Pemanfaatan sabut kelapa sebagai bahan dasar pembuatan detergen, sambungnya, selain karena ramah terhadap lingkungan, juga karena kelapa banyak ditemukan hampir di seluruh wilayah Sumatera Utara.
"Kami melihat hampir di seluruh Sumatera Utara umumnya ditumbuhi kelapa. Namun masyarakat hanya fokus menggunakan mesocarpium (daging buahnya) saja untuk bahan pangan, dan menganggap sabutnya sebagai sampah yang tidak diolah," terangnya.
Atas prestasi yang berhasil mereka torehkan ini, Novia dan rekan setimnya mengaku senang dan bangga.

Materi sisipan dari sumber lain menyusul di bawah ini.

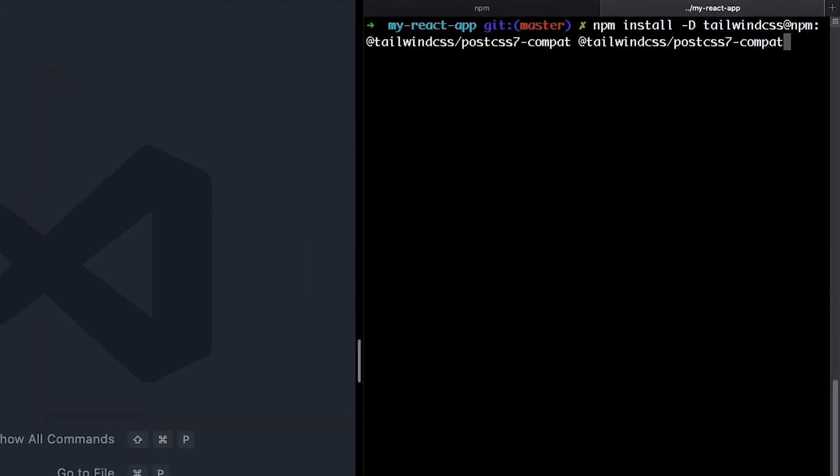To set up Tailwind CSS inside our React application, we're going to need a few things. First, we need to install Tailwind as a PostCSS plugin. As Create React App doesn't support PostCSS 8 for now, and Tailwind depends on version 8, we need to install the Tailwind PostCSS 7 compatibility build.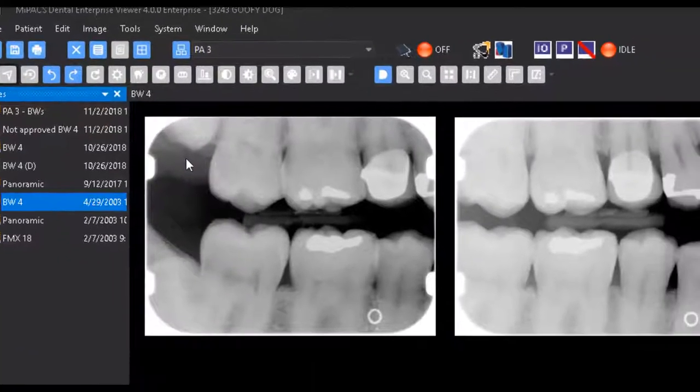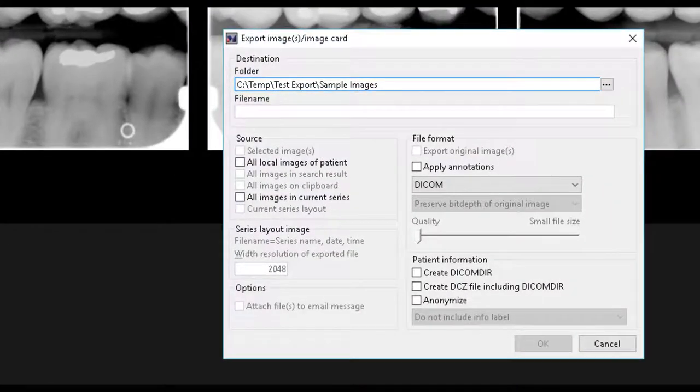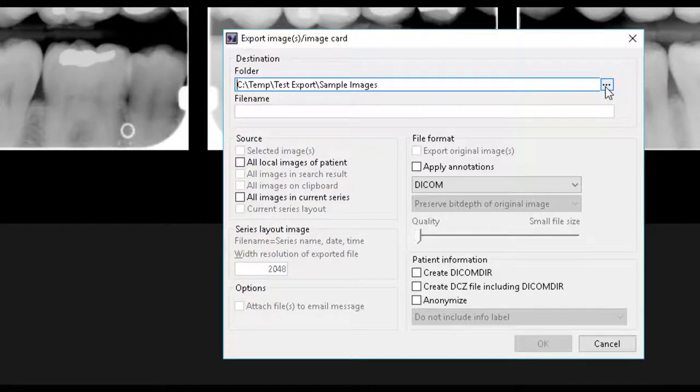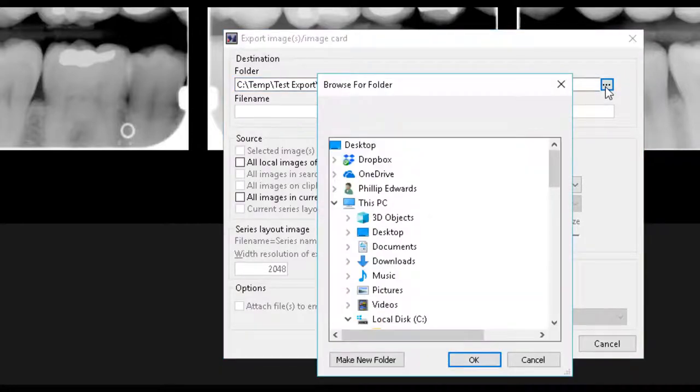The Export Images dialog is very similar to the Print dialog. First, you will want to select a destination folder. You can use the Browse button to help navigate to the appropriate folder.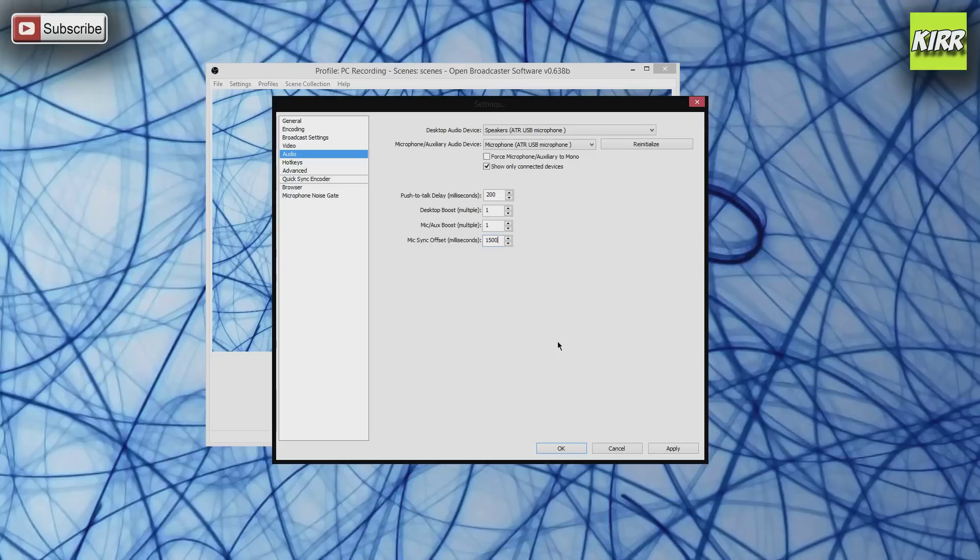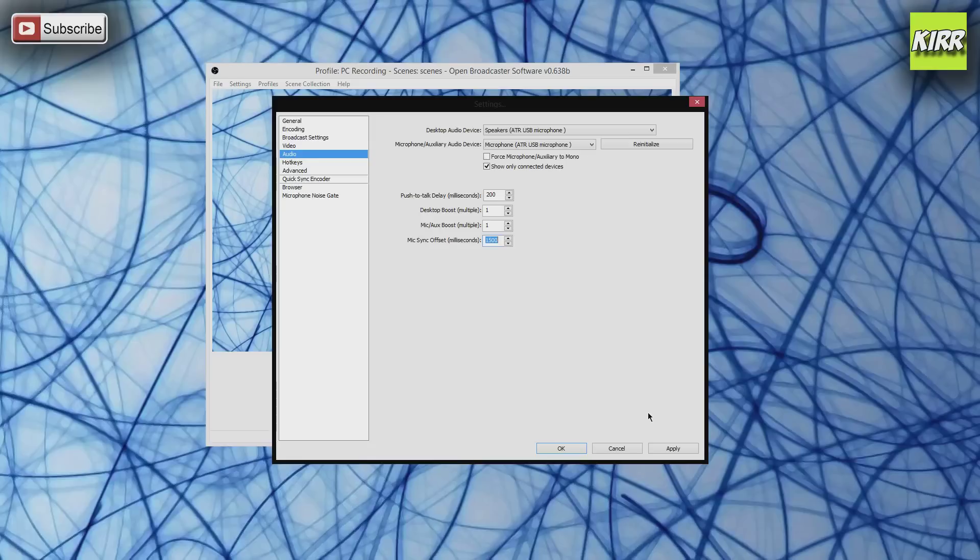Anywhere between 1400 to 1600, you're gonna see the right sync. Anyways guys, that's it—1400 to 1600 milliseconds. Make sure that you have that set up. If you do, you're not gonna see that problem and you're actually gonna have a legit stream. Hope this video helped you, and until next time, take care guys.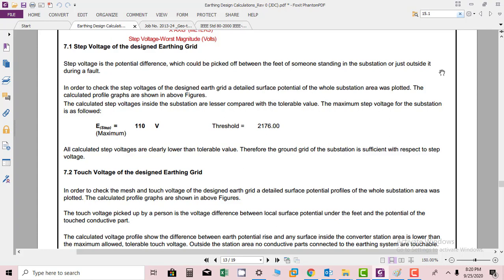All calculated step voltages are clearly lower than the tolerable value. Therefore, the ground grid of the substation is sufficient with respect to step voltages. Hence it is proof that the grid that we have designed is acceptable.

Apalagi, kata Novia, proses pembuatan detergen tersebut butuh waktu yang cukup lama dan harus memperhatikan perbandingan bahan dan senyawa kimia lainnya untuk menghasilkan detergen tersebut.
"Dengan mendapatkan medali emas untuk riset kami ini pastinya kami merasa sangat bangga dan senang atas respon positif juri, peserta lain, dan para pengunjung (visitors)," ungkapnya.
Dari kompetisi yang digelar dari tanggal 19-22 September 2018 itu, Novia mengaku mereka banyak mendapat banyak inspirasi untuk mengembangkan produk menjadi lebih baik lagi sampai bisa di pasarkan ke masyarakat.
Karena itu mereka pun berencana lebih dulu ingin memperbaiki produknya berdasarkan masukan yang diterima dari kompetisi, kemudian mengusulkan dan mendaftarkan produk kami untuk mendapatkan paten serta Izin SNI agar dapat dipasarkan secara luas.
Lewat penelitian tersebut, mereka juga berharap riset mereka akan bermanfaat mengedukasi masyarakat untuk memanfaatkan limbah sabut kelapa menjadi produk yang bernilai ekonomi dan nilai fungsi yang tinggi.
Selain itu, Sesuai dengan nama produknya itu, mereka juga ingin mengajak masyarakat untuk mengadopsi bagaimana orang desa mencuci namun tetap menjaga kelestarian alam.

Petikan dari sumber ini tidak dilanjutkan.